Owoce są cierpkie, ale doskonale nadają sie na przetwory. Ponieważ S. uwielbia kompoty robię ich najwięcej. Dzisiaj mieliśmy prawdziwy "team work". Mama S obierała jabłka, ja je gotowałam, nalewałam do słoików, a S. je zamykał.
Zrobiliśmy 60 kompotów. Wykorzystaliśmy wszystkie słoiki jakie mieliśmy w domu.
Zostały nam jeszcze trzy skrzynki owoców. Wywieziemy je do gospodarstwa, które wytłacza sok. Za to możemy go u nich kupić po niższej cenie.
W tle widać naszą jabłonkę.
Gdy już wszysko posprzątałam, zmęczona położyłam się na kanapie ciesząc się na zaczynający kryminał, domu wpadł uszczęśliwiony S krzycząc, że udało mu się zdobyć następne słoiki!!! Litości!!!
Violcio
10 komentarzy:
O rany,to niezły zapas macie z tej jabłonki.A jabłuszko z serduszkiem urocze,też pewnie bym zmiękła mimo,że nie lubię bawic się słoikami.
Ach , jabłka to dla mnie synonim prawdziwej jesieni :))) Zazdroszczę tych słoiczków :) Pozdrawiam słonecznie
Kocham jabłonie. Mam posadzone 3 drzewka i z wielką niecierpliwością czekam na pierwsze owoce.
Pozdrawiam serdecznie
Ta jabłonka chyba czuje się u was dobrze skoro tak Was pięknie wynagradza:)
Haha , no to witam w klubie:) Mnie się jabłka będą chyba śniły po nocach:D Ja nie robiłam kompotów, część pokroiłam w kostkę i smażyłam z cukrem , a część starłam na tarce i poszło wszystko w słoiczki:) na domowy jabłecznik, jak znalazł:) mniamm..:D
Buziaki
Zazdroszczę Ci takiego wiekowego drzewka. My z Odysem w tym roku dopiero zakładaliśmy nasz sad i nie wiem czy wogołe doczekamy się drzew takich, co to pod nimi ławeczkę można ustawić i wiosną słuchać śpiewu pszczół zbierających nektar z kwiatów. Ech, marzenia.

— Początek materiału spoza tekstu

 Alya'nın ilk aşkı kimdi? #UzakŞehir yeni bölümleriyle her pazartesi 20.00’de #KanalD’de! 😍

Jak na razie muszę kupować owoce na zaprawy.
Jabłko z sercem??? - czy może być coś bardziej wymownego???
Pozdrawiam Cię serdecznie.
Moja mama co roku mówi że nic będzie nic robić, po czym ... produkuje całą masę różnorakich przetworów ;-)
Ja nie bardzo mam zacięcie, żeby samej coś robić, pomagać tak ;-)
Ale w zimie miło sięgnoć po domowe przetwory ;-)
Pozdrawiam Agnieszka
hehhe
jakże Cię rozumiem ...
ja w tym roku nie wiem jakim cudem zrobiłam ok.400 słoików
jestem nimi tak umęczona że
CHCĘ JUŻ ZIMĘ!!!
ale TAKIE owoce są warte każdego zmęczenia
pozdrawiam
13ka
Oooo mniam, jestem jabłkoholiczką do potęgi, a to co widzę to mój Raj :))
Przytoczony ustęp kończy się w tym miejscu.